I have a Fisher F2...if I were to stay with Fisher I'd get the F75 or F75LTD..that's only if your ground isn't heavily mineralized...has boost mode do go super deep..like 23" deep... has great recovery time and discrimination...but Fisher's are chatty when there's a ton of iron in the ground or EMI. My town is where iron ore was first mined, so there is a ton of iron in the ground here. very sensitive detectors. If you're relic hunting in the woods/fields, then it's perfect..

 Personally Im dumping my Fisher and going to get a Tesoro Vaquero.  Easily discrims iron, has ground balance, goes very very deep and costs 460ish new...lifetime warranty also. 

 I was reading a forum post today and someone asked what Tesoro is comparable to the eTrac...

 pretty much everyone said the vaquero... It's a heck of a machine.  one said the Tejon. The Tejon is skittish in heavy mineralized soil...

 Good for relic hunting, coins, silver and gold.  

 One of the best coin/jewelry shooters out there....

 If you can't get your hands on them to test them, next best thing would be to hit up a forum such as the friendly metal detecting forum...and/or watch youtube videos...



 but if ground isn't highly mineralized, i'd go with the fisher f75...it's deep enough and good enough to use w/o going to the 1k $ cost of the F75LTD.

 The Minelabs are great. 705,safari,explorer, eTrac...but they have a very slow recovery rate.  example: 2 coins 1" apart from each other it won't pick up both of them unless you scan slowly. It will pick up one coin and "null" out the other until it resets and you rescan.
 They are quite expensive.  The lower cost models like the 705 won't allow you to change the frequency it operates at,  unless you buy a new coil with the new frequency....gets expensive.


----------



## cowseatmaize (Jan 23, 2012)

> In order to get $$ for more local bottles





> I wanna hunt the stream banks near where I work the rivers out back of what used to be mill houses in the 1800's.

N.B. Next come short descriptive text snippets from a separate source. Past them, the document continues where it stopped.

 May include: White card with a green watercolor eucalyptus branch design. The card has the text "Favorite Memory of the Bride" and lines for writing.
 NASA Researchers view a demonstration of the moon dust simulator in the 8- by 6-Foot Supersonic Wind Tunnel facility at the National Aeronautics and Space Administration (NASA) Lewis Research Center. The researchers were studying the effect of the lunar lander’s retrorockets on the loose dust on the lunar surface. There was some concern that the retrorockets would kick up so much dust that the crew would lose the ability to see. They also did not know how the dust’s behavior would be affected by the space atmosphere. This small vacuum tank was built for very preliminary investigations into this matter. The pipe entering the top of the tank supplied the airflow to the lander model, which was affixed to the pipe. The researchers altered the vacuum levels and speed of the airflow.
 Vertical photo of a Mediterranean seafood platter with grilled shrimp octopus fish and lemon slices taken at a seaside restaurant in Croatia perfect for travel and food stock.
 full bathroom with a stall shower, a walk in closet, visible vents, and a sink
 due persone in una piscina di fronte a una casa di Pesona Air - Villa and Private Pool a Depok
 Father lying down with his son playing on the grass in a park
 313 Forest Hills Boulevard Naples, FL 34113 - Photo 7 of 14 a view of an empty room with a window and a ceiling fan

I'd think for stream banks and bottle hunting a cheapo would be fine for large chunks of iron and tin cans etc. that bottles would be with. The wider areas and for for pinpointing coins and jewelery would need something better. 
 I'm not a detectorist though.[]


----------



## AntiqueMeds (Jan 23, 2012)

I wouldnt consider metal detecting a good way to make money.  There are a lot more effective ways to make extra money. Its best to metal detect for the fun of it (and exercise), especially starting out, or you may be disappointed.


----------



## MIdigger (Jan 23, 2012)

Its not a JOB to make money. Its a Hobby that one enjoys. Sure there are Gold and Silver big finds by professionals. Once in awhile a person hits it big but thats like hitting the lottery.

 I think most of us just enjoy using them much the same as we dig for bottles. Probably not going to get rich but you can enhance your own collection and maybe make some cash and trades.

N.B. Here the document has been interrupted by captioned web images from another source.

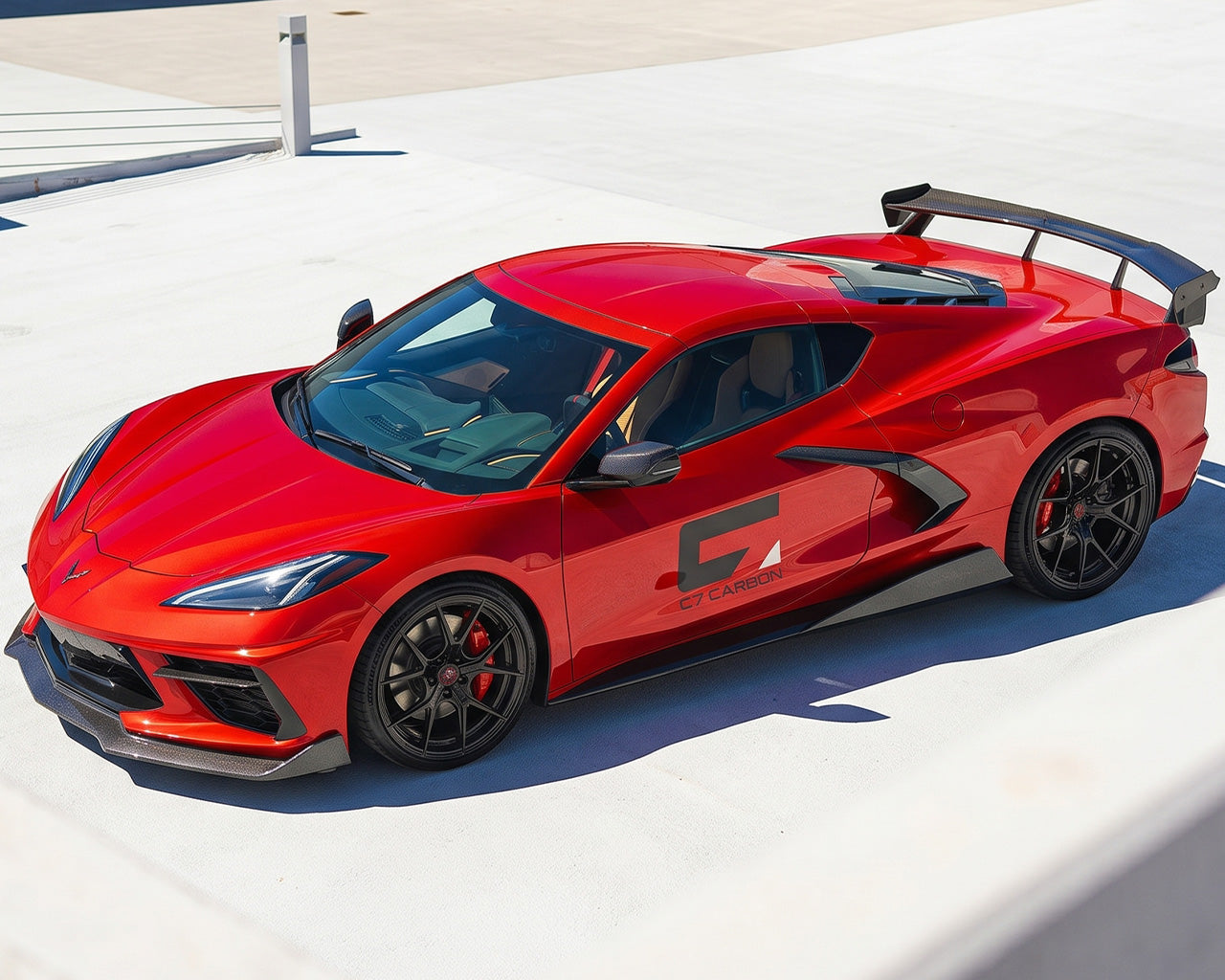 Overhead high angle view of red C8 Corvette coupe featuring carbon fiber aero and high wing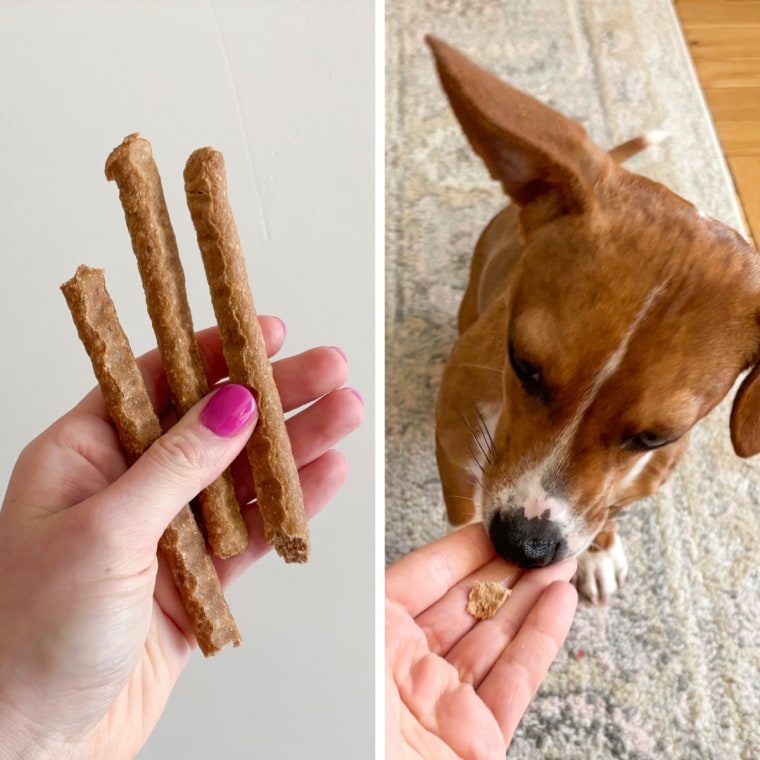 A hand holding three Wholehearted Soft & Slim Stick Treats, left, and a brown and white puppy getting a piece of the treat, right.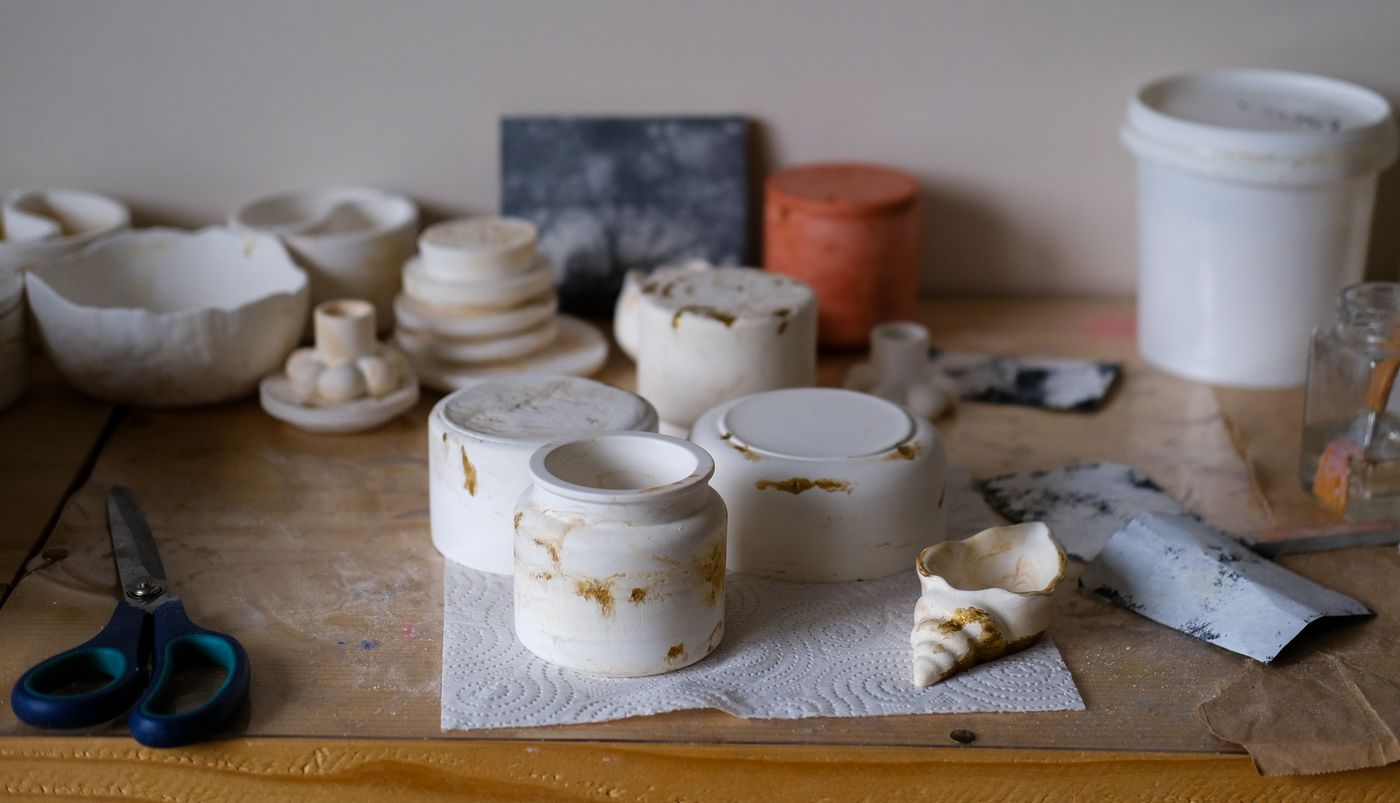 Ceramic prototypes and tools on a studio workbench — photo by Cem Nisan on Pexels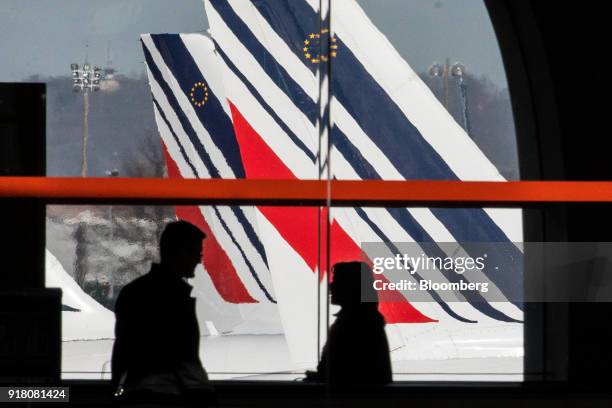 Passengers walk through the terminal as Tricolour livery sits on the tail fin of an Air France passenger aircraft beyond, operated by Air France-KLM...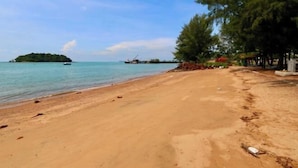 A beach with a sandy shore, a small island in the distance, and a boat. - PD D'Wharf Premium Suite - Full Seaview (Up to 6 Pax) (Port Dickson)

 Last year I found 2 gold rings, one small not worth much (given to my sister) the other was my best find $ wise. It was worth 255-300 dollars. I found clad coins worth maybe 125.00, silver coins worth maybe 50.00, silver rings maybe worth 50.00 and scrap worth maybe 25.00, plus many wheat pennies, tokens, other jewelry and misc items. Sometimes its historical or military items. Plenty of those too.

 Most days I wont even cover my gas costs to local spots (say $5.00), but every once in awhile you stumble into something good (silver coins and rings). Some days you do find good amounts of clad coins maybe a 5.00-10.00 day. I just enjoy it as much as bottle digging. Its just something to do and if you read through the metal detecting thread you will see we all have some pretty good finds.


----------



## BellwoodBoys (Jan 23, 2012)

I spent all night poking around, reading reveiws from buyers. I'm going to get a White coinmaster Pro. I am metal detecting for the fun of it. But if I ever find annything valuble im going to keep it if i like it or sell it for local belmar bottles.

 Thanks for all the replies I got.

 -Rob


----------



## ironmountain (Jan 25, 2012)

If you're going to be digging near/in water at all, your best bet would be the Garrett AT Pro. Waterproof to 10' , decent for any ground/sand.

 Metal detecting isn't a job, it's an adventure!! (wow, old Navy commercial reference)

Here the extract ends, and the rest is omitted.